Let’s take the claims about the complexity of the production process for the mRNA vaccines at face value. There is a huge urgency to getting the pandemic under control as quickly as possible. The more the virus spreads, the more it has the opportunity to mutate. It is entirely possible that it will mutate into a strain that is either resistant to the current vaccines, more deadly, or both.

This means that even apart from humanitarian concerns, we have a very strong interest in getting the world vaccinated as quickly as possible to minimize the spread. If our team can’t produce enough vaccines to do the job, as they so energetically insist, then we should turn elsewhere. The obvious alternative would be the two Chinese vaccines, which rely on the old-fashioned dead virus approach. Additional facilities to manufacture these vaccines can presumably be built relatively quickly.

While these vaccines appear to be less effective (they need to be more open with their data), the effectiveness rates reported would still hugely slow the spread. They also would radically reduce the number of severe cases, hospitalizations, and deaths.

Given the urgency in getting people vaccinated, it seems we should be paying these Chinese manufacturers to ramp up production as quickly as possible. One of the Chinese manufacturers contracted with Brazil to sell its vaccine at a bit more than $2 a dose. Suppose we needed 10 billion doses to vaccinate 5 billion people in the developing world. That would come to $20 billion. That is chump change compared to the trillions of dollars of lost output suffered by the U.S., Europe, and the rest of the world as a result of the pandemic. That is in addition to the millions of lives.

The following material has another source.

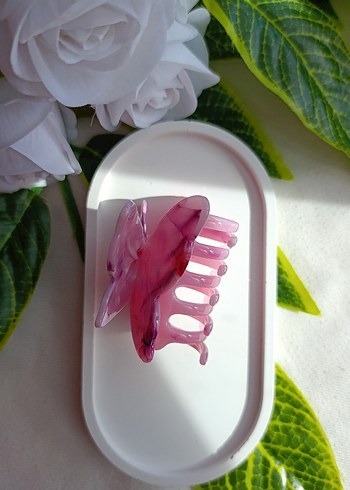 Şeffaf Pembe Kelebek Saç Tokası - Görsel 2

The bottom line is that we need to get people throughout the world vaccinated as quickly as possible. If our manufacturers are not up to the task, we should pay China or anyone else who is. Given the relative cost and benefits, this really should not be a hard call.

  1. Bob Aikenhead
    February 6, 2021 at 12:59 am

    Eminently sensible. Also worth noting:
    (a) the Chinese company Fosun has an agreement to use the BioNTech technology employed by Pfizer to produce a like product but only for distribution within China. The infrastructure in this regard appears to be in place – what’s needed is the open licensing suggested.
    (b) the Serum Institute of India (SII) is large volume producer – currently producing about 60 million doses per month of AstraZeneca vaccine (and about to be ramped up). Its not just China that can contribute to large volume production, quickly and at affordable rate.
    (c) while, as noted, lower efficacy rates do not negate the value of a vaccine, the quoted rates themselves are open to question on at least two grounds. Aside from the obvious of possibly quite different populations being involved in trials and/or differing methodologies there is the more significant (and now established) matter of the efficacy rate being dependent on the interval between ‘jabs’. Thus, while the efficacy for the AstraZeneca vaccine has been given as being around 70% (with figures given over a wide range) the CEO of SII on Jan 16 stated unequivocally that over 80% efficacy was assured if the interval between jabs was at least 12 weeks. A Lancet pre-printed posted Feb 1 confirms this. Its possible a similar explanation lies behind the very different rates published for different trials of the current Chinese vaccines.